To avoid the heart-break of a door darting cat getting into terrible trouble outdoors, let’s take a look at why cats door dart and then what to do about it.
Why Do Cats Door Dart?
There are two types of door darting cats:
1. The blatant darter — This is the cat that reads the signals you are about to leave and rushes to the door. You know as soon as the door cracks open a jar that the cat will nose out and be gone.
2. The covert escape artist — This cat feigns disinterest and lurks languidly on the other side of the room. Somehow . . . and you’re never sure how . . . she slips past you (usually on a dark night) and is gone.

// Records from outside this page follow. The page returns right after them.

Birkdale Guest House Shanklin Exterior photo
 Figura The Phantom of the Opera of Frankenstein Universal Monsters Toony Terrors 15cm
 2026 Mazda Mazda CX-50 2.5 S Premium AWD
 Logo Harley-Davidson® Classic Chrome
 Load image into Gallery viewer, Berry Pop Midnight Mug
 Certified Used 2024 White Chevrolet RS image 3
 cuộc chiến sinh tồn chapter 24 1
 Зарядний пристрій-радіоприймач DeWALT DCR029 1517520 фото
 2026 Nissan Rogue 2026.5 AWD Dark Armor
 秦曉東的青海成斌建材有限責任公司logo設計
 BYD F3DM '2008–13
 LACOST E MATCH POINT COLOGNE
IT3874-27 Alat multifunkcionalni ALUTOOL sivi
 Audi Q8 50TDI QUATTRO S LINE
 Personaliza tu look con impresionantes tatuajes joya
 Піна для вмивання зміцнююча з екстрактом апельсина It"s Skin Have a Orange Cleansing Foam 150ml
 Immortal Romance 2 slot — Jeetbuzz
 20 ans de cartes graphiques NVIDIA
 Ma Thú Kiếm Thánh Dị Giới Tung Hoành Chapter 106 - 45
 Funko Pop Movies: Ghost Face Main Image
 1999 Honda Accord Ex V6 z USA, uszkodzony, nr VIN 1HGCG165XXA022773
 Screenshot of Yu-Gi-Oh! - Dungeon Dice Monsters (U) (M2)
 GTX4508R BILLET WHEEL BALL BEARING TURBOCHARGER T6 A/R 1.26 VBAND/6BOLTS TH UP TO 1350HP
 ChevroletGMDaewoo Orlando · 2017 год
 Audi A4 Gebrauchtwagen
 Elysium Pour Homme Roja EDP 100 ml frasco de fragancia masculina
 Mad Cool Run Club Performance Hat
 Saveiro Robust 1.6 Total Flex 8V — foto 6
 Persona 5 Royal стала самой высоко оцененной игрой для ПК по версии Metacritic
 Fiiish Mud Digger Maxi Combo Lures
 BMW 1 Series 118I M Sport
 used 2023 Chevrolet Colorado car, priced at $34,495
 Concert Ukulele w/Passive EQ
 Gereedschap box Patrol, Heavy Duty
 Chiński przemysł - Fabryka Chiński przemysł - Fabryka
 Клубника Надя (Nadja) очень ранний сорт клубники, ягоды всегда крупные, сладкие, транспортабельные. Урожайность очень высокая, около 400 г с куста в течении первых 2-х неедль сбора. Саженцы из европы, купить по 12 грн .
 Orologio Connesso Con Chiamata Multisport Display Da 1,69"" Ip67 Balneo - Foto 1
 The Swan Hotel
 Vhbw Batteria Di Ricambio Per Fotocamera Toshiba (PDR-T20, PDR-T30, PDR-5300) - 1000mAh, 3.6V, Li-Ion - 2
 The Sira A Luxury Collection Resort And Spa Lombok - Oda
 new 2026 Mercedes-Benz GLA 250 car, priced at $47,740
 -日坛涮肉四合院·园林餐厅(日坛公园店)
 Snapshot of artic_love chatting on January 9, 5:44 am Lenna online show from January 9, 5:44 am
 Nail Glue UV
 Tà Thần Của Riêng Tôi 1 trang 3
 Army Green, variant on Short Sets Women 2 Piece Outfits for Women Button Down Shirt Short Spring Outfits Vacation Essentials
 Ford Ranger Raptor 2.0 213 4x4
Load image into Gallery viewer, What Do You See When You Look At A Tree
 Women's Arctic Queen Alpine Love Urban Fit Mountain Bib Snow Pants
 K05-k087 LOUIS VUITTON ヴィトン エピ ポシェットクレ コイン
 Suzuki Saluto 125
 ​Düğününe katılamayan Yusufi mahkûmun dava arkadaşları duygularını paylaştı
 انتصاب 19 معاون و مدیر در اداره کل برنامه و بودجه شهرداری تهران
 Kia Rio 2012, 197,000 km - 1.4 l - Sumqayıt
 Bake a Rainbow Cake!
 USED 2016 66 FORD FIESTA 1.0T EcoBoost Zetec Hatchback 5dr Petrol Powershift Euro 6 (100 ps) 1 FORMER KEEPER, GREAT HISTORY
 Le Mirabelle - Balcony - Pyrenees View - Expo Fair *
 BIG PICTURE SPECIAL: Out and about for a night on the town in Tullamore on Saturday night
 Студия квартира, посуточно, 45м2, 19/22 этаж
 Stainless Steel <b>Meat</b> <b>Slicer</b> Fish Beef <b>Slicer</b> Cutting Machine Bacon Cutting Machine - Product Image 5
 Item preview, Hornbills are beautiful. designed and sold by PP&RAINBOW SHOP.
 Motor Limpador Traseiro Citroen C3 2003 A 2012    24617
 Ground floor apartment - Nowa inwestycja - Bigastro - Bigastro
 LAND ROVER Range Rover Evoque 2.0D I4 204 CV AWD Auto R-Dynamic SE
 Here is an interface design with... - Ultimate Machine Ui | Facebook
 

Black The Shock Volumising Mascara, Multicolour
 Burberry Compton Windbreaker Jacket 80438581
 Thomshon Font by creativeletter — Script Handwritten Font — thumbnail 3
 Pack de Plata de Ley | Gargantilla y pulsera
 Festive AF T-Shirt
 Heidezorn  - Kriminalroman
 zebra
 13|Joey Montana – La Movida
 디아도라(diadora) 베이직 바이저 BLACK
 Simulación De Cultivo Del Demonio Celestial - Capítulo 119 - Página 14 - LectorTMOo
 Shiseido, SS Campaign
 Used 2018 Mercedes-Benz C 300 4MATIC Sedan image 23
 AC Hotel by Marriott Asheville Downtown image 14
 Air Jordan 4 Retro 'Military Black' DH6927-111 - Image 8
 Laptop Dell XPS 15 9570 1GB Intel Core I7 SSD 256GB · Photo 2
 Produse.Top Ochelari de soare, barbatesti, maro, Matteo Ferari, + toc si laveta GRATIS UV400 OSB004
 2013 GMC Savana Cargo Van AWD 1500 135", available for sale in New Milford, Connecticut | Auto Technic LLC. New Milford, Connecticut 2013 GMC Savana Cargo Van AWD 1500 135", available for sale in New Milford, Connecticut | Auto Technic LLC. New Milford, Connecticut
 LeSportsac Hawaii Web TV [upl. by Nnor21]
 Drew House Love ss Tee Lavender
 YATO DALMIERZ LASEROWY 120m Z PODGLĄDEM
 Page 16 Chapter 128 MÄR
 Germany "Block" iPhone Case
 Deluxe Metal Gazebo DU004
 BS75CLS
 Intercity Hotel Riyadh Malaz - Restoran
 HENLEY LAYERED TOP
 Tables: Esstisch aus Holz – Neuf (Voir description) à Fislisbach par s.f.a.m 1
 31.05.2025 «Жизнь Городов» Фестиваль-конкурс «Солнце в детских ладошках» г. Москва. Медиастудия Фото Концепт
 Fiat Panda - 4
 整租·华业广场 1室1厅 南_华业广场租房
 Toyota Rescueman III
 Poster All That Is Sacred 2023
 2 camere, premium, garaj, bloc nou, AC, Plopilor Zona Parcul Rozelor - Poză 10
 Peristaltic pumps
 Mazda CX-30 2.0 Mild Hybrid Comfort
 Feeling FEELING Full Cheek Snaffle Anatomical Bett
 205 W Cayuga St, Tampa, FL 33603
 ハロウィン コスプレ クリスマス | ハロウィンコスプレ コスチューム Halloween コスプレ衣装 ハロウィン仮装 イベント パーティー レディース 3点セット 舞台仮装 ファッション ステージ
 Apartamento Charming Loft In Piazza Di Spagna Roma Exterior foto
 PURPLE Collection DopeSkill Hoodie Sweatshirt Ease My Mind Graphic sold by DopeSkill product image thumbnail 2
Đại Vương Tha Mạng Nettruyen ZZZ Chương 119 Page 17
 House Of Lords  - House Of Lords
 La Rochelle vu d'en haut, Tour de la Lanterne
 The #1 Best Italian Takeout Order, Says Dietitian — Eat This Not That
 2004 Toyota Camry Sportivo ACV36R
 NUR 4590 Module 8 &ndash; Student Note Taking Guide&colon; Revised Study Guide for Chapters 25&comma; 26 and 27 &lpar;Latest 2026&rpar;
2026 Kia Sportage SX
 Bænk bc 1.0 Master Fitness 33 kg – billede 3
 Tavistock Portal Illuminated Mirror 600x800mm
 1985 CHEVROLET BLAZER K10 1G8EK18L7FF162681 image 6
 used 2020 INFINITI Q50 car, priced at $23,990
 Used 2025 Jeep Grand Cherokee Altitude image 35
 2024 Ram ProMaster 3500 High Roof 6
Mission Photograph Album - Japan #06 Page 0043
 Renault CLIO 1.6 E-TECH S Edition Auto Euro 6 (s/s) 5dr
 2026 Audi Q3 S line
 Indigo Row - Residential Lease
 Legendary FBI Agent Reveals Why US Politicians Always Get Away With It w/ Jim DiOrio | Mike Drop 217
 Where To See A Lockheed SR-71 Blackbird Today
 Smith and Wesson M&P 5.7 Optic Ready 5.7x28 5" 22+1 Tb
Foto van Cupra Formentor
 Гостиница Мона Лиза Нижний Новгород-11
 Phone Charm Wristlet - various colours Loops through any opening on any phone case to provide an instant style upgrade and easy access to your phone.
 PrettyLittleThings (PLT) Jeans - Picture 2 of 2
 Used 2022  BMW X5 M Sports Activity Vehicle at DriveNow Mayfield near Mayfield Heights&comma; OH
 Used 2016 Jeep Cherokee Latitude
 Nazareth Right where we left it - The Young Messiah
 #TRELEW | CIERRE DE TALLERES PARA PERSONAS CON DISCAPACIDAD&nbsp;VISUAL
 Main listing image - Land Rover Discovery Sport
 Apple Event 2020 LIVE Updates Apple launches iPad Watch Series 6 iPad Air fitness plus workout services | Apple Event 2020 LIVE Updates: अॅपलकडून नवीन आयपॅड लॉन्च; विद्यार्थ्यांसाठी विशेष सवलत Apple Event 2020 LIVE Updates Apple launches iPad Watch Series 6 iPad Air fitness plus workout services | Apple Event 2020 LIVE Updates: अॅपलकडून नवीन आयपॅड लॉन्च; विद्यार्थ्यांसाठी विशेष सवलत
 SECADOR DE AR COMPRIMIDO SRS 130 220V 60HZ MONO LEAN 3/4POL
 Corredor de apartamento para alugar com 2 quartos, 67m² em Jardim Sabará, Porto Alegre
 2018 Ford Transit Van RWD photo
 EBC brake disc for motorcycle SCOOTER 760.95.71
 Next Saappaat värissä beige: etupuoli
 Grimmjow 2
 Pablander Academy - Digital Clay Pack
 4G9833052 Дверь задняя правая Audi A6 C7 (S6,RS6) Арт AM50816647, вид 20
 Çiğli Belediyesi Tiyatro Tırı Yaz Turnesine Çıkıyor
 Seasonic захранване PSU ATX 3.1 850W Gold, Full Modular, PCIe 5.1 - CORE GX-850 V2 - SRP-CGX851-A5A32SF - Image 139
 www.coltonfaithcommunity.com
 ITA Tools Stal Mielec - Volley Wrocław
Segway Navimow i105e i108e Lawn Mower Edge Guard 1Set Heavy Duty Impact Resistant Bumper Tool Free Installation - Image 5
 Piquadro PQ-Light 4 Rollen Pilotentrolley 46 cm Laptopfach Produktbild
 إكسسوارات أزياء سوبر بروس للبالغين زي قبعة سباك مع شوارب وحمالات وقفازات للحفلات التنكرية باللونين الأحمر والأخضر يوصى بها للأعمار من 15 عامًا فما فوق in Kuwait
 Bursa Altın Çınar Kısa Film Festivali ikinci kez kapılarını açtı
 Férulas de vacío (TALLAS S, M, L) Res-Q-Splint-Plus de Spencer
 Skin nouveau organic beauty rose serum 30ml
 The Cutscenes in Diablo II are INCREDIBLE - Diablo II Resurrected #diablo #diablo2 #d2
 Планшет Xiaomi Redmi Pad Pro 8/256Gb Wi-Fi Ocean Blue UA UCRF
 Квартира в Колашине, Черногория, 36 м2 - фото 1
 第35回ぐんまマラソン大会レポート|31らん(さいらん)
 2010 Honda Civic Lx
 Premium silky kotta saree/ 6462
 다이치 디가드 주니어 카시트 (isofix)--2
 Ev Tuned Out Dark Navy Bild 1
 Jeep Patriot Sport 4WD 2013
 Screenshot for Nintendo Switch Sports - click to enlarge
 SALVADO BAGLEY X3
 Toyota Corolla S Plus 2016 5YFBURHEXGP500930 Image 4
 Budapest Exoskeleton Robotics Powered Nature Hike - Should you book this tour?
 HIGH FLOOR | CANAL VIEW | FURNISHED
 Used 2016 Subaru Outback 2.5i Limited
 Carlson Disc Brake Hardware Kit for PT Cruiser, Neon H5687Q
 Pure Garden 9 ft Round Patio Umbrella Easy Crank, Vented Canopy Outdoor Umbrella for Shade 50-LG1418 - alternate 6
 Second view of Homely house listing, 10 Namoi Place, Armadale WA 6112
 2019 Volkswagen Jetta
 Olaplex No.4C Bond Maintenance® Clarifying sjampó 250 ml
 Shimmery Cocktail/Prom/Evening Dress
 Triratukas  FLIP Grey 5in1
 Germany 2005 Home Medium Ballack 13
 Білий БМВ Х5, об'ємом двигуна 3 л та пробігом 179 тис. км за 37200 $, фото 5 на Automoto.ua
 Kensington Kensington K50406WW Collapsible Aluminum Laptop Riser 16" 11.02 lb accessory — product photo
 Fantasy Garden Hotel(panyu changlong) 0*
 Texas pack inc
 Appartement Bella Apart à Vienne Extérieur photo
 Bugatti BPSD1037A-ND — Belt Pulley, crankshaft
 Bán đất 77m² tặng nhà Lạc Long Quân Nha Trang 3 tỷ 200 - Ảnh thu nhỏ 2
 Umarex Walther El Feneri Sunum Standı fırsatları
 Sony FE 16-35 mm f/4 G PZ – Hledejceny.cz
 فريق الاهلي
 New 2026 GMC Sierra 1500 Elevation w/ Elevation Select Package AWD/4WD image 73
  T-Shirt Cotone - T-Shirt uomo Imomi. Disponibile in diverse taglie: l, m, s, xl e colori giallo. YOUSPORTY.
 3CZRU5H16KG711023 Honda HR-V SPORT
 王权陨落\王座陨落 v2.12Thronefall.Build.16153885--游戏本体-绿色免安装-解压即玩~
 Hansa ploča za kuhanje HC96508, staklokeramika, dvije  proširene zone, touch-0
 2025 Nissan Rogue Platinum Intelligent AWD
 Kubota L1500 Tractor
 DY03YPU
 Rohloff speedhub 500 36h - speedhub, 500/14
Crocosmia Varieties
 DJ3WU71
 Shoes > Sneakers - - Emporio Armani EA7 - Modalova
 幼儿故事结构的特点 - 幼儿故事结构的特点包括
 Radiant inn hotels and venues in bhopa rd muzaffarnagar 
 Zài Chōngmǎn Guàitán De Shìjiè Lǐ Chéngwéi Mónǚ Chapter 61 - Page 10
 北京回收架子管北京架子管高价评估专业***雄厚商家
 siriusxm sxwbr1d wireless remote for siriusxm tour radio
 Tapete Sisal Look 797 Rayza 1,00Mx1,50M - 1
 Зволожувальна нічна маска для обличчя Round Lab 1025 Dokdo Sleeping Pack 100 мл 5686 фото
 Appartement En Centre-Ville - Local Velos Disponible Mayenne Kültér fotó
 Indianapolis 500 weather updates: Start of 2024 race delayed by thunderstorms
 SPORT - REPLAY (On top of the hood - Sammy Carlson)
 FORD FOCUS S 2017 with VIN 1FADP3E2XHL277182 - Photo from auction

Add into the mix a gaggle of kids who forget to close the door, an armful of groceries, or the postman calling unexpectedly and the recipe for loss or injury is complete.
So why do some cats feel the need to escape?
There are a multitude of reasons which include:
- Boredom — the world outside looks like one big enticing amusement park
- Territorial — the cat wishes to check who has been on her territory
- Scent marking — the cat wants to advertise that this is her house
- Mating — the intact cat is compelled to go dating
- Habit — it’s what the cat has always done and she feels obliged to keep up the routine.
Decrease the Attraction of Door Darting
If your home is a perfect pet paradise, why would she want to roam? But before we start on how to create a cat-friendly home, if your cat is entire then get her spayed (or him neutered) to calm the hormones that urge the cat to roam.
Make your home more attractive by making it a stimulating and satisfying place for the cat. In other words, look at things from a cat’s point of view.
It’s no coincidence that cats get stuck up trees. This is because they love to climb, and indeed cats like to live in vertical space (going up) as well as horizontal (on the ground). Provide a couple of tall cat towers and place one next to a window so she can survey the neighbourhood from up high. Put the other on the opposite side of the room to the door, to provide a platform for treats (more on this later.)
Enrich your cat’s world by providing scratch posts so that she can do those yoga stretching exercises whilst sharpening her claws and scent marking. Pay her plenty of attention and actively play with her twice a day so she is worn out by the time you leave home. Also, stimulate her mind by using puzzle feeders for her meals, so she thinks more about getting her meals and less about escape.
Teaching Your Cat to Not to Door Dart
Since when did your cat do what she was told? It’s a waste of breath (and can damage your relationship) to scold the cat for door dashing. A much better idea is to retrain her so that she’d rather stay put. There are a number of strategies you can try. One may work or you may need to use a combination.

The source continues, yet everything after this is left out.